For the first time since 1949 when MotoGP invented itself, eight different riders have won a premier class race in a single season.  Repsol Honda #2 Dani Pedrosa, mired in the worst slump of his career, winless in 2016, busted out today on the shores of the sun-drenched Adriatic with a convincing win over Valentino Rossi and Jorge Lorenzo.  For series leader Marc Marquez, another exercise in damage limitation worked well enough to keep his margin at 43 points with five rounds to go.

Practice

The WCMS at Misano is one of those “technical” tracks where the bikes don’t peg the throttle in 6th very much.  Top speeds are “low.”  On Friday the Ducatis had trouble breaking the top six.  It’s a great track with something for every taste and budget but does not play well to the Ducati’s strengths.  On Friday, it looked like it might be prime hunting grounds for Maverick Vinales, who gets around those tight areas with ease on his GSX-RR, if it weren’t too hot at race time. (BTW they’re going to love Vinales in Yamahaland.)

2016 Misano MotoGP Vinales

Vinales looked strong throughout the weekend at Misano.

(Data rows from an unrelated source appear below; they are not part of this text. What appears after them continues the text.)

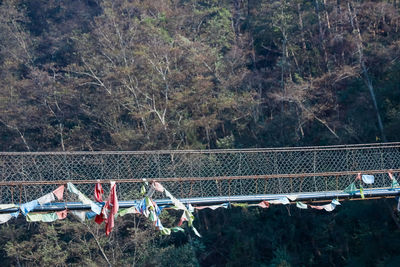 High angle view of bridge in forest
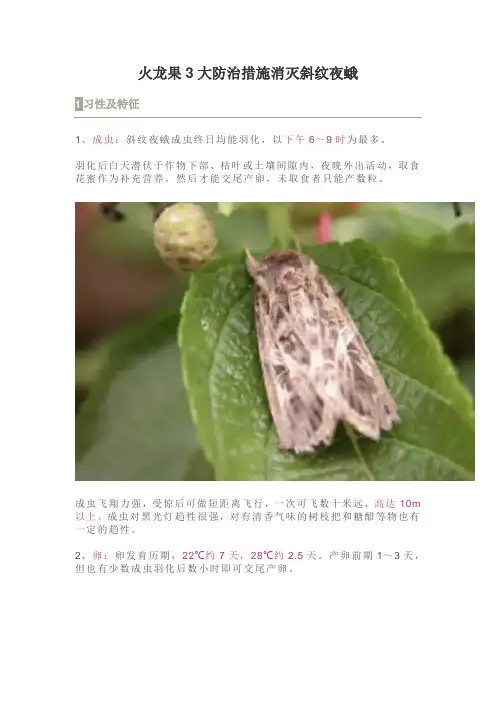 火龙果3大防治措施消灭斜纹夜蛾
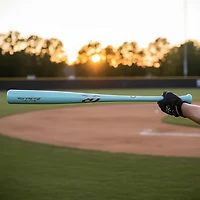 Rawlings Big Stick Elite R110 Wood Baseball Bat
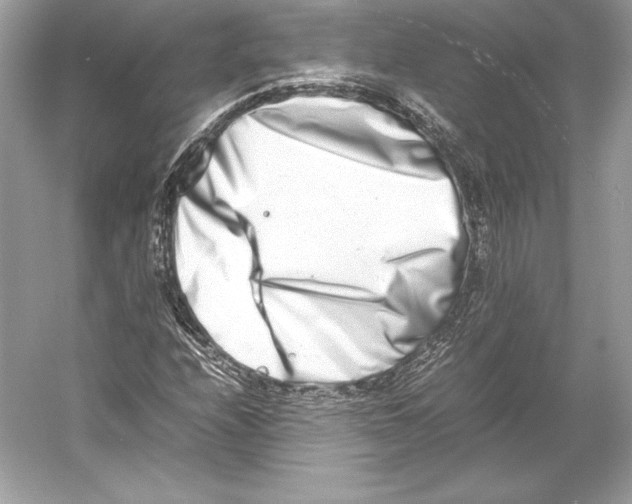 X0000052951208200508050913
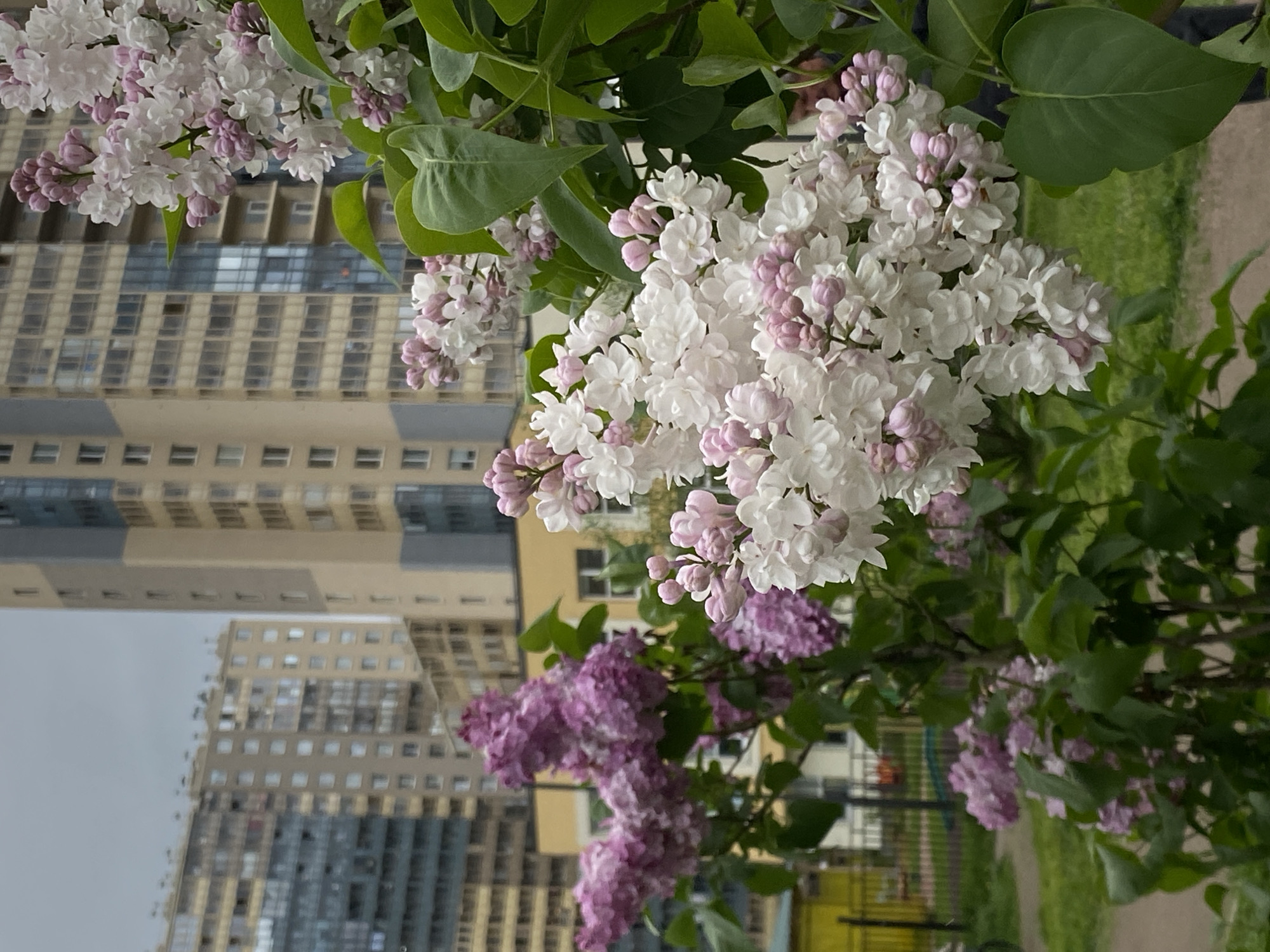 The image shows lilac bushes in bloom in Saint Petersburg, Russia, with apartment buildings in the background. The lilac bushes are a mix of white and purple flowers. The buildings are modern, high-rise apartments with a beige and gray facade. There are green trees in the foreground and the sky is overcast.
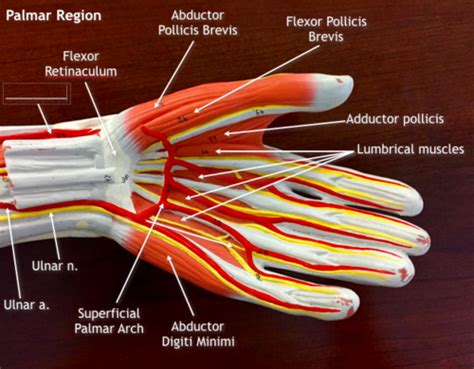 Muscles Upper Limb Slides Flashcards Quizlet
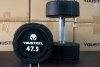 Гантели YOUSTEEL EVO  полиуретановая 47,5 кг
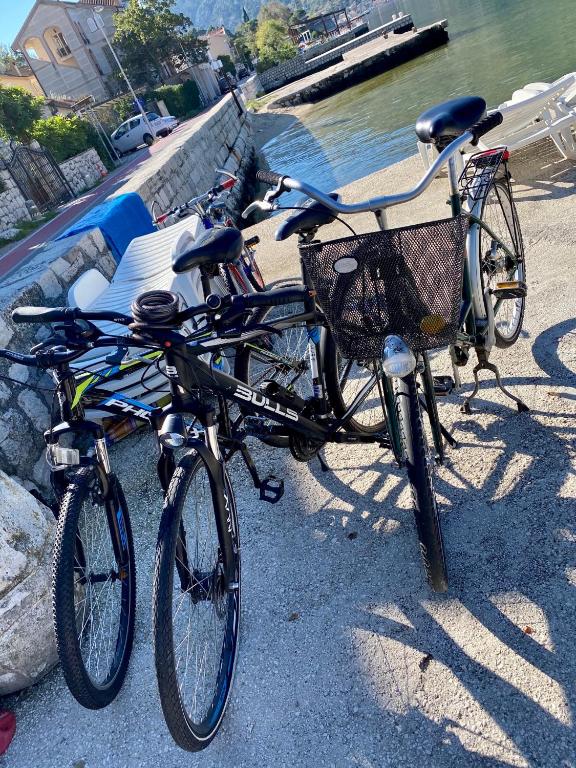 Apartmani Maxim Kotor Harga Terkini 2021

Lorenzo looked strong in FP1.  Rossi took FP1 because he felt like it – home race and all – and Marquez was keeping his powder dry. Pol Espargaro had a great Friday. Iannone took himself out of Round 13 at least with a formidable high-side in FP1 and a resulting cracked vertebra, his place on the factory-issue bike being taken by the very capable Michele Pirro.  There was a Pedrosa sighting during FP2.  By Q2 time it was hot but not insanely, Sepang-style hot. During the Sunday morning warm-up, it was Marquez, Rossi, Pirro and Dovizioso, team Ducati having apparently fixed a few things overnight:

FP1: Rossi PEspargaro Vinales
FP2: PEspargaro Pedrosa Dovizioso
FP3: Marquez Lorenzo Vinales
FP4: No One Cares
Q2: Lorenzo Rossi Vinales Marquez

Marquez, Pirro and Dovizioso made up the second row, with Crashlow qualifying 7th and Pedrosa 8th.

Eight for Eight

My notes make no mention of Pedrosa until Lap 5 when he went through on Maverick Vinales’ Suzuki into 5th place.  The factory Yamahas dominated early, with Lorenzo taking the holeshot into the early lead, only to give it up to Rossi on Lap 2.  Misano, a sea of yellow, is the only circuit on the calendar that offers a home court advantage to a rider – Rossi – which is palpable and can affect the outcome of the race.  For 20 laps today it appeared the homeboy would win.  But Pedrosa, having qualified 8th, his struggle continuing, took our advice today, said “to hell with it,” put his head down, and won by 2.8 seconds over a disappointed Rossi, with Lorenzo ending the day in third, equally disgusted at having been unable to get away early.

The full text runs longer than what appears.